Output the full listing exactly, character for character.

[Start of section]

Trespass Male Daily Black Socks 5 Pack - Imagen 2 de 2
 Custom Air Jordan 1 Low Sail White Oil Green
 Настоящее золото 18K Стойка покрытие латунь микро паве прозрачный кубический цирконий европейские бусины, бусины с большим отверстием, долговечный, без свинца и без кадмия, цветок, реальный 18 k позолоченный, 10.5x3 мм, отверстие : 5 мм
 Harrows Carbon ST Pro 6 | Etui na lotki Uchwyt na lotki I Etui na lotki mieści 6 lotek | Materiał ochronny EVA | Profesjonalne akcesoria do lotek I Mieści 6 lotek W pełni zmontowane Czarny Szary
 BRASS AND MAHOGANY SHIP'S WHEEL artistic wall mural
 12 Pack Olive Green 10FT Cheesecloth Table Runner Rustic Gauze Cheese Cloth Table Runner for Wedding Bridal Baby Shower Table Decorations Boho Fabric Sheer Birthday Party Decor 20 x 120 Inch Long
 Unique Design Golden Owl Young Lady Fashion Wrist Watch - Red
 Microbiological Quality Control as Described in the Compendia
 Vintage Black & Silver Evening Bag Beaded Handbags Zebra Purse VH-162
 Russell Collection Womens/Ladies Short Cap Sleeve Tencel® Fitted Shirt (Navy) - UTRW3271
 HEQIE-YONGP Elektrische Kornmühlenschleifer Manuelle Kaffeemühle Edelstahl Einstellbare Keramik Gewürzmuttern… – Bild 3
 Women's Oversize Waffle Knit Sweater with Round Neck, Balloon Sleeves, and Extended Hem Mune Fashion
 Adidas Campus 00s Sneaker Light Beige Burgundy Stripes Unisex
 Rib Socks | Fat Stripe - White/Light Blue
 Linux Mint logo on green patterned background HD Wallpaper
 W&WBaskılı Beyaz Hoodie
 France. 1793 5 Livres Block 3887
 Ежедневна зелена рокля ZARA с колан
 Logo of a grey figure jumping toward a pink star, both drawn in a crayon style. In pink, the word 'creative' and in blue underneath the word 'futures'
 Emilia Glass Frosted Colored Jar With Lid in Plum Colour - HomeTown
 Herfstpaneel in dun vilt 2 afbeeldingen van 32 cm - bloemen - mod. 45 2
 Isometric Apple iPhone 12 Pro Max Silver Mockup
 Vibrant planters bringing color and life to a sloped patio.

[End of section]

RESULT FOR THIS TASK
Trespass Male Daily Black Socks 5 Pack - Imagen 2 de 2
 Custom Air Jordan 1 Low Sail White Oil Green
 Настоящее золото 18K Стойка покрытие латунь микро паве прозрачный кубический цирконий европейские бусины, бусины с большим отверстием, долговечный, без свинца и без кадмия, цветок, реальный 18 k позолоченный, 10.5x3 мм, отверстие : 5 мм
 Harrows Carbon ST Pro 6 | Etui na lotki Uchwyt na lotki I Etui na lotki mieści 6 lotek | Materiał ochronny EVA | Profesjonalne akcesoria do lotek I Mieści 6 lotek W pełni zmontowane Czarny Szary
 BRASS AND MAHOGANY SHIP'S WHEEL artistic wall mural
 12 Pack Olive Green 10FT Cheesecloth Table Runner Rustic Gauze Cheese Cloth Table Runner for Wedding Bridal Baby Shower Table Decorations Boho Fabric Sheer Birthday Party Decor 20 x 120 Inch Long
 Unique Design Golden Owl Young Lady Fashion Wrist Watch - Red
 Microbiological Quality Control as Described in the Compendia
 Vintage Black & Silver Evening Bag Beaded Handbags Zebra Purse VH-162
 Russell Collection Womens/Ladies Short Cap Sleeve Tencel® Fitted Shirt (Navy) - UTRW3271
 HEQIE-YONGP Elektrische Kornmühlenschleifer Manuelle Kaffeemühle Edelstahl Einstellbare Keramik Gewürzmuttern… – Bild 3
 Women's Oversize Waffle Knit Sweater with Round Neck, Balloon Sleeves, and Extended Hem Mune Fashion
 Adidas Campus 00s Sneaker Light Beige Burgundy Stripes Unisex
 Rib Socks | Fat Stripe - White/Light Blue
 Linux Mint logo on green patterned background HD Wallpaper
 W&WBaskılı Beyaz Hoodie
 France. 1793 5 Livres Block 3887
 Ежедневна зелена рокля ZARA с колан
 Logo of a grey figure jumping toward a pink star, both drawn in a crayon style. In pink, the word 'creative' and in blue underneath the word 'futures'
 Emilia Glass Frosted Colored Jar With Lid in Plum Colour - HomeTown
 Herfstpaneel in dun vilt 2 afbeeldingen van 32 cm - bloemen - mod. 45 2
 Isometric Apple iPhone 12 Pro Max Silver Mockup
 Vibrant planters bringing color and life to a sloped patio.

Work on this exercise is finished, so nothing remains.